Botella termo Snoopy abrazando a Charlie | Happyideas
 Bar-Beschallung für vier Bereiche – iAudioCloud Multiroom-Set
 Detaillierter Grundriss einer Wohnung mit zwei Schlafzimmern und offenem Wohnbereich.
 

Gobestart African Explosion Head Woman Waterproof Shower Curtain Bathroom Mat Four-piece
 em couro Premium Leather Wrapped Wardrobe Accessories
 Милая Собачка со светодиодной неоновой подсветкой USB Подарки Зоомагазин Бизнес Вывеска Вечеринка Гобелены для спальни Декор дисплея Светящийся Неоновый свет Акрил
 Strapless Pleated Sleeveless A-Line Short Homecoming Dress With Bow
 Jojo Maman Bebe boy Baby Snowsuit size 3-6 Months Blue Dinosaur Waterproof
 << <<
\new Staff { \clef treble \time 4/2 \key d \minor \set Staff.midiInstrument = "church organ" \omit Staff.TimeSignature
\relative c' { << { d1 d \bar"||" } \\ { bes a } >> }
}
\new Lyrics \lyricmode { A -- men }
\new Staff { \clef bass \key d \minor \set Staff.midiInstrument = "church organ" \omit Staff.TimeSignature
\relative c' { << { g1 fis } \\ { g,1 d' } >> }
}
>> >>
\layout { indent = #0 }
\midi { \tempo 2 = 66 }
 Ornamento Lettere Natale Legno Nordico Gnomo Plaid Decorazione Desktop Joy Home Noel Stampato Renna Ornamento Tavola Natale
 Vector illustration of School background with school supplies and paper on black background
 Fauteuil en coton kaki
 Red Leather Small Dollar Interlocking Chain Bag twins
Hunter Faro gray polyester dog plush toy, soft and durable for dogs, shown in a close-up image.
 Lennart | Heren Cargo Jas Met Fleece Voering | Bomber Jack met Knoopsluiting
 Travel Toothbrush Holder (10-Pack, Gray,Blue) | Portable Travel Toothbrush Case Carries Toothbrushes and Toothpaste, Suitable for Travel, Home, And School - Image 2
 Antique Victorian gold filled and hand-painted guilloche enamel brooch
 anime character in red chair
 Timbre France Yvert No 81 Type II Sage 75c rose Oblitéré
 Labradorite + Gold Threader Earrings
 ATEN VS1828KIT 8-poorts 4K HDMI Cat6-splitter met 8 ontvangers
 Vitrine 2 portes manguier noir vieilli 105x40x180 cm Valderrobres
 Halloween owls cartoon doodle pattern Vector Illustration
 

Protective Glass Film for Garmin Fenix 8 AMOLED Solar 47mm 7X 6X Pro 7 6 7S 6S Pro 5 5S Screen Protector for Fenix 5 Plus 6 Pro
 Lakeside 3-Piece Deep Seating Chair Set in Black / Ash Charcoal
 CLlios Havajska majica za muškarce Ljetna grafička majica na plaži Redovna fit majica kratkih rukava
■ ■ ■ ■
• **WHAT YOU ARE ASKED TO DO**
Write out every entry verbatim.

• **WORKED SOLUTION**
Botella termo Snoopy abrazando a Charlie | Happyideas
 Bar-Beschallung für vier Bereiche – iAudioCloud Multiroom-Set
 Detaillierter Grundriss einer Wohnung mit zwei Schlafzimmern und offenem Wohnbereich.
 

Gobestart African Explosion Head Woman Waterproof Shower Curtain Bathroom Mat Four-piece
 em couro Premium Leather Wrapped Wardrobe Accessories
 Милая Собачка со светодиодной неоновой подсветкой USB Подарки Зоомагазин Бизнес Вывеска Вечеринка Гобелены для спальни Декор дисплея Светящийся Неоновый свет Акрил
 Strapless Pleated Sleeveless A-Line Short Homecoming Dress With Bow
 Jojo Maman Bebe boy Baby Snowsuit size 3-6 Months Blue Dinosaur Waterproof
 << <<
\new Staff { \clef treble \time 4/2 \key d \minor \set Staff.midiInstrument = "church organ" \omit Staff.TimeSignature
\relative c' { << { d1 d \bar"||" } \\ { bes a } >> }
}
\new Lyrics \lyricmode { A -- men }
\new Staff { \clef bass \key d \minor \set Staff.midiInstrument = "church organ" \omit Staff.TimeSignature
\relative c' { << { g1 fis } \\ { g,1 d' } >> }
}
>> >>
\layout { indent = #0 }
\midi { \tempo 2 = 66 }
 Ornamento Lettere Natale Legno Nordico Gnomo Plaid Decorazione Desktop Joy Home Noel Stampato Renna Ornamento Tavola Natale
 Vector illustration of School background with school supplies and paper on black background
 Fauteuil en coton kaki
 Red Leather Small Dollar Interlocking Chain Bag twins
Hunter Faro gray polyester dog plush toy, soft and durable for dogs, shown in a close-up image.
 Lennart | Heren Cargo Jas Met Fleece Voering | Bomber Jack met Knoopsluiting
 Travel Toothbrush Holder (10-Pack, Gray,Blue) | Portable Travel Toothbrush Case Carries Toothbrushes and Toothpaste, Suitable for Travel, Home, And School - Image 2
 Antique Victorian gold filled and hand-painted guilloche enamel brooch
 anime character in red chair
 Timbre France Yvert No 81 Type II Sage 75c rose Oblitéré
 Labradorite + Gold Threader Earrings
 ATEN VS1828KIT 8-poorts 4K HDMI Cat6-splitter met 8 ontvangers
 Vitrine 2 portes manguier noir vieilli 105x40x180 cm Valderrobres
 Halloween owls cartoon doodle pattern Vector Illustration
 

Protective Glass Film for Garmin Fenix 8 AMOLED Solar 47mm 7X 6X Pro 7 6 7S 6S Pro 5 5S Screen Protector for Fenix 5 Plus 6 Pro
 Lakeside 3-Piece Deep Seating Chair Set in Black / Ash Charcoal
 CLlios Havajska majica za muškarce Ljetna grafička majica na plaži Redovna fit majica kratkih rukava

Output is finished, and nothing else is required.